▸ **Problem statement**
Everything from the line holding "mens suede leather" through the last line of the records should be repeated word for word, and pictures should be omitted.

▸ **Data records**
━━━━━━━━━━━━━━━━━━━━━━━━━━━━━━
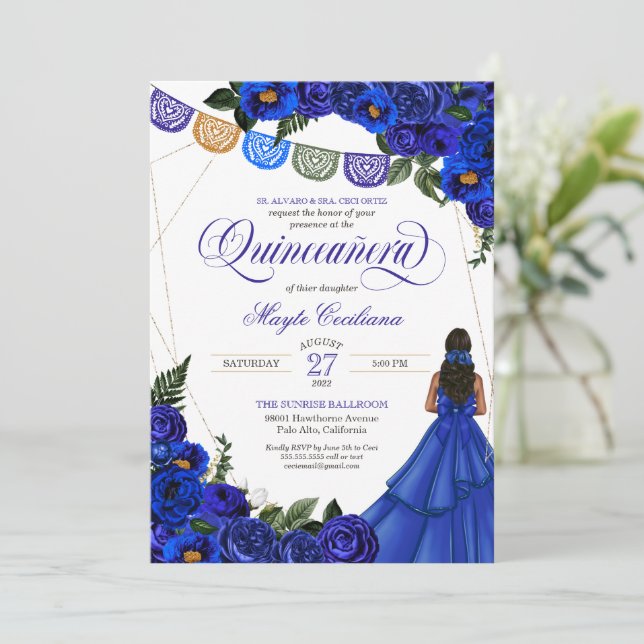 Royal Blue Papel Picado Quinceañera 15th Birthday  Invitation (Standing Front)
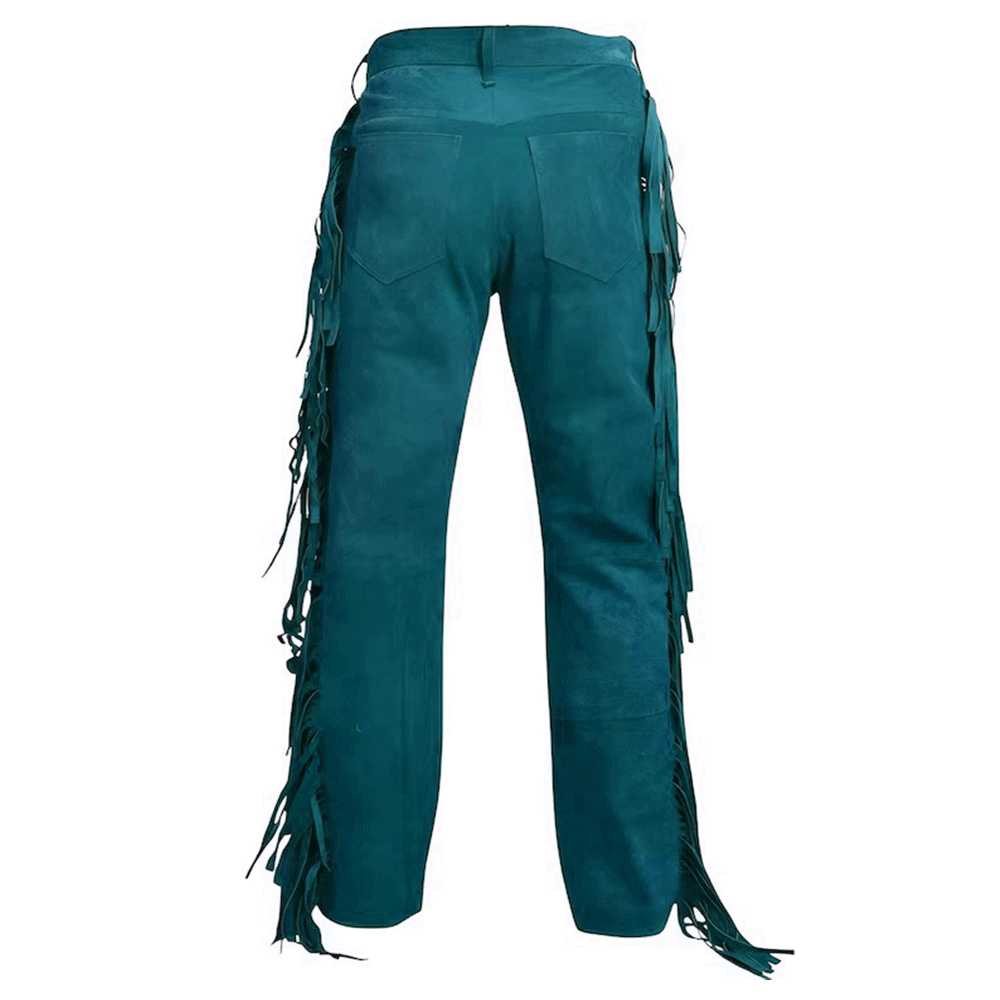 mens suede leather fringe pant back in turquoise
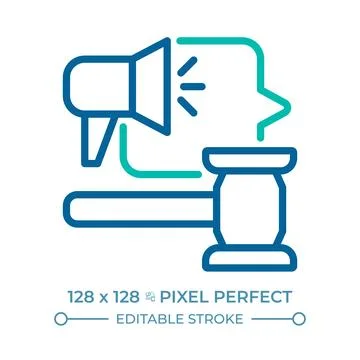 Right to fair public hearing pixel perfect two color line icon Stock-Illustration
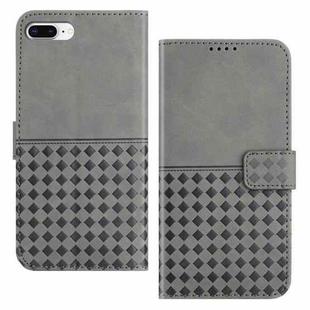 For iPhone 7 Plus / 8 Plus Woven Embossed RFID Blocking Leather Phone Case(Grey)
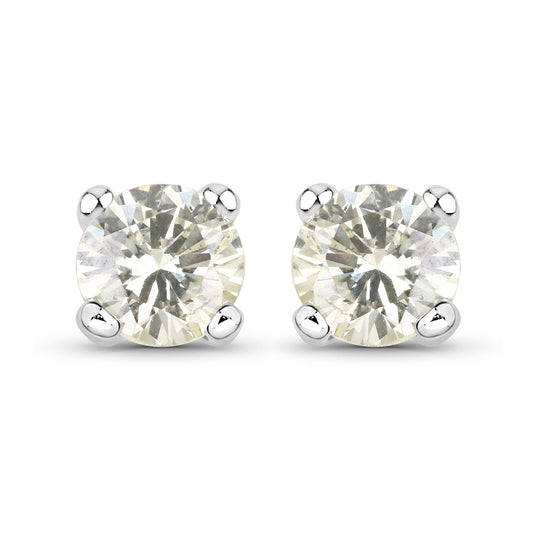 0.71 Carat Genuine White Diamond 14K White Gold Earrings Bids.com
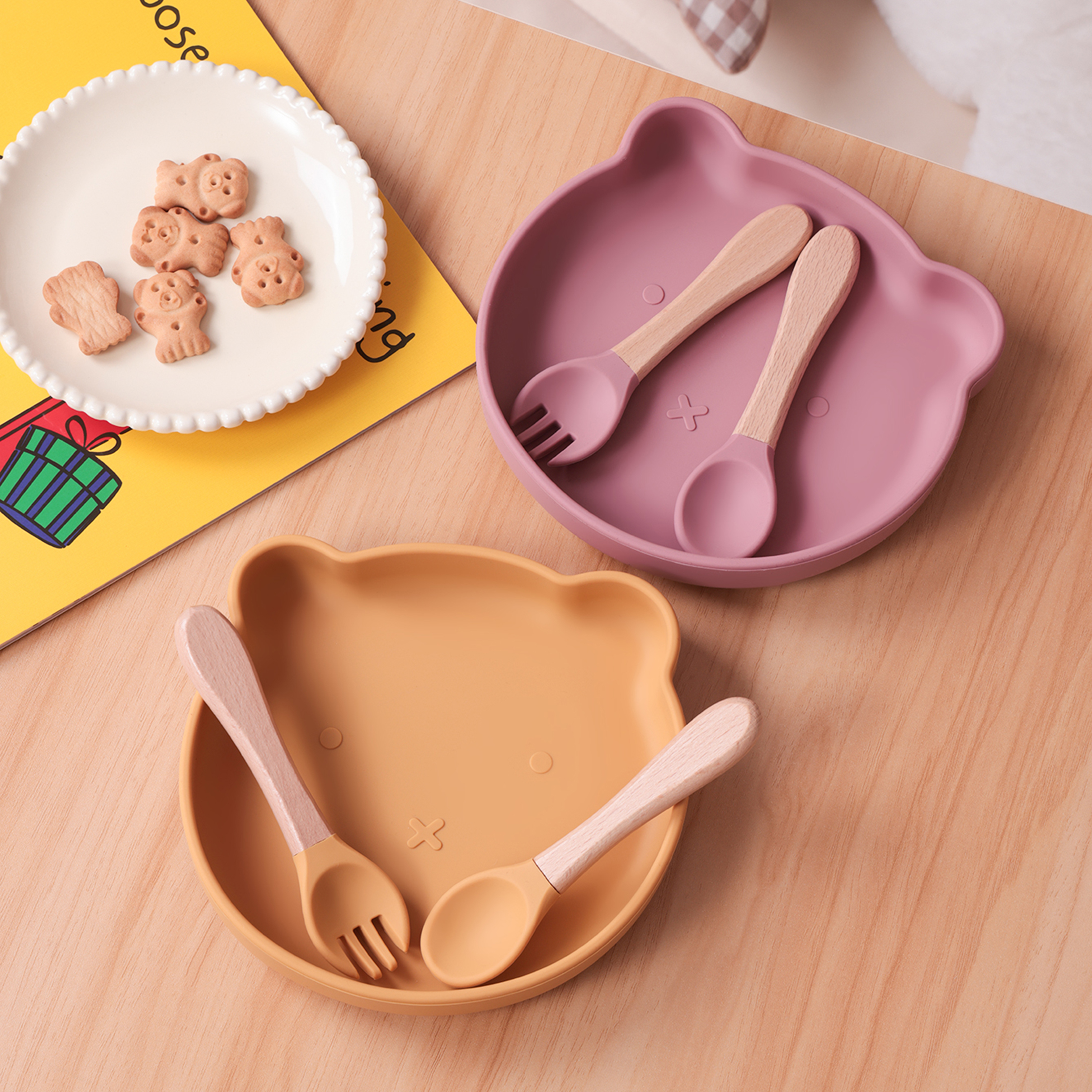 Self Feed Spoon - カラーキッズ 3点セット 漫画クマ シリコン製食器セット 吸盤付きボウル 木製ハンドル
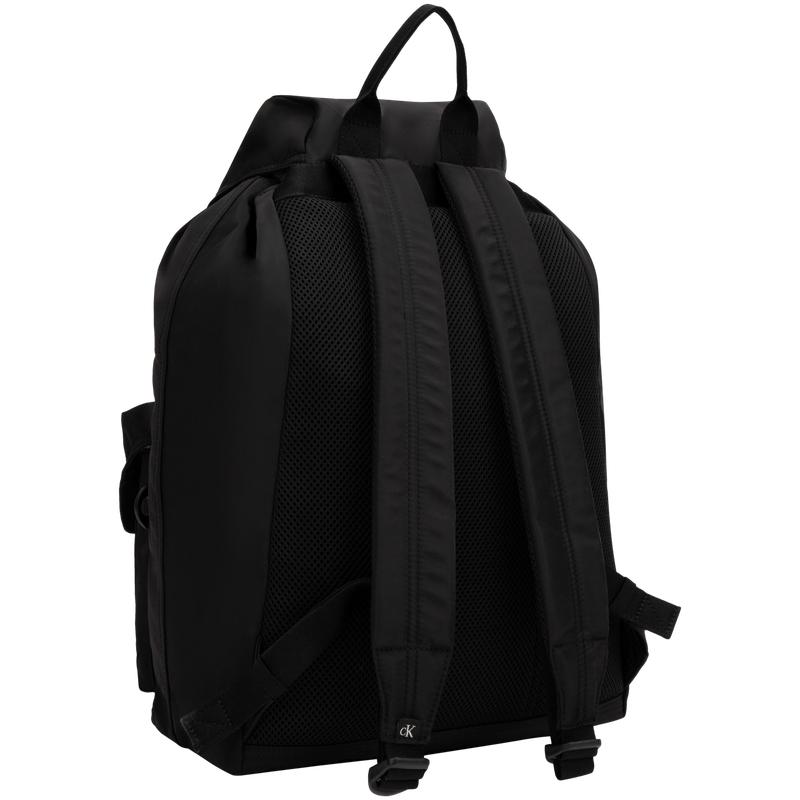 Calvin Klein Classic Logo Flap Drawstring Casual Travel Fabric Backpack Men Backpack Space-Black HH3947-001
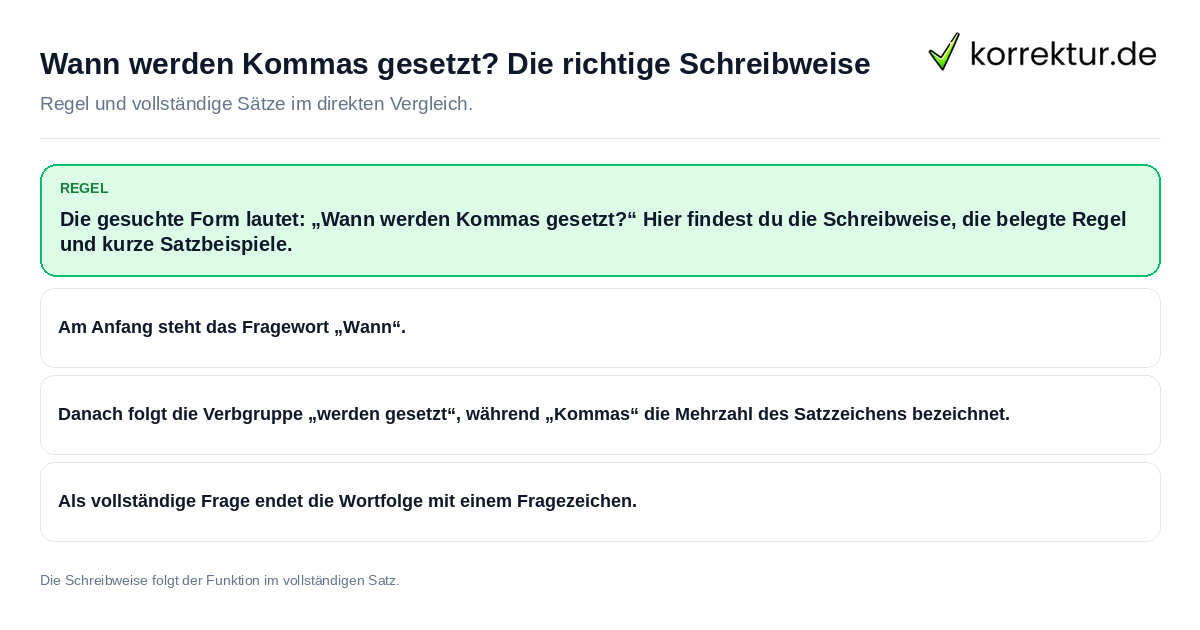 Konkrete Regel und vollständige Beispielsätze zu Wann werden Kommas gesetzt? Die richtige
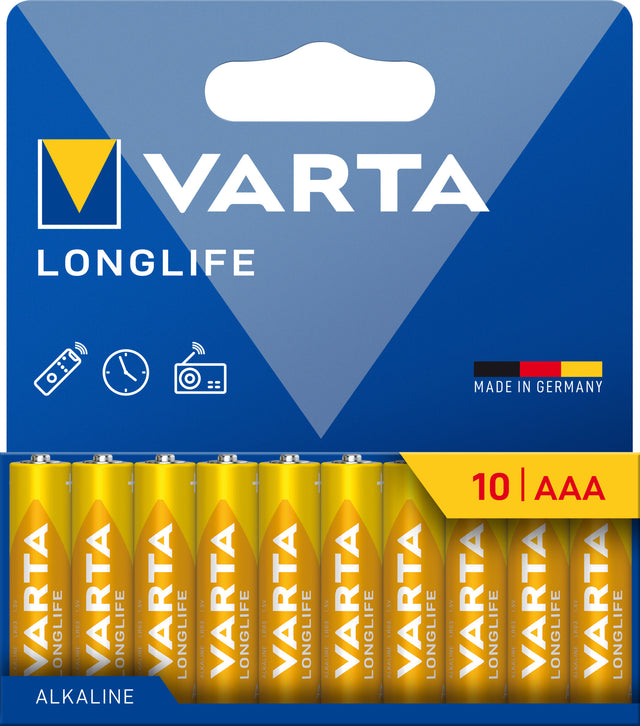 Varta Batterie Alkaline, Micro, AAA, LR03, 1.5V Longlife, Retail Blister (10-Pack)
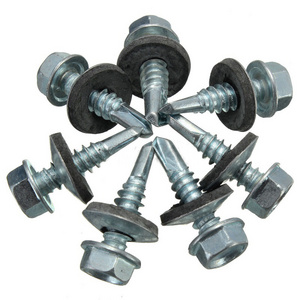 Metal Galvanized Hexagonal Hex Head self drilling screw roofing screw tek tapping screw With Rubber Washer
━━━━━━━━━━━━━━━━━━━━━━━━━━━━━━
▸ **Solution**
 mens suede leather fringe pant back in turquoise
 Right to fair public hearing pixel perfect two color line icon Stock-Illustration
 For iPhone 7 Plus / 8 Plus Woven Embossed RFID Blocking Leather Phone Case(Grey)
 0.71 Carat Genuine White Diamond 14K White Gold Earrings Bids.com
 Self Feed Spoon - カラーキッズ 3点セット 漫画クマ シリコン製食器セット 吸盤付きボウル 木製ハンドル
 Calvin Klein Classic Logo Flap Drawstring Casual Travel Fabric Backpack Men Backpack Space-Black HH3947-001
 Konkrete Regel und vollständige Beispielsätze zu Wann werden Kommas gesetzt? Die richtige
 Varta Batterie Alkaline, Micro, AAA, LR03, 1.5V Longlife, Retail Blister (10-Pack)
 Metal Galvanized Hexagonal Hex Head self drilling screw roofing screw tek tapping screw With Rubber Washer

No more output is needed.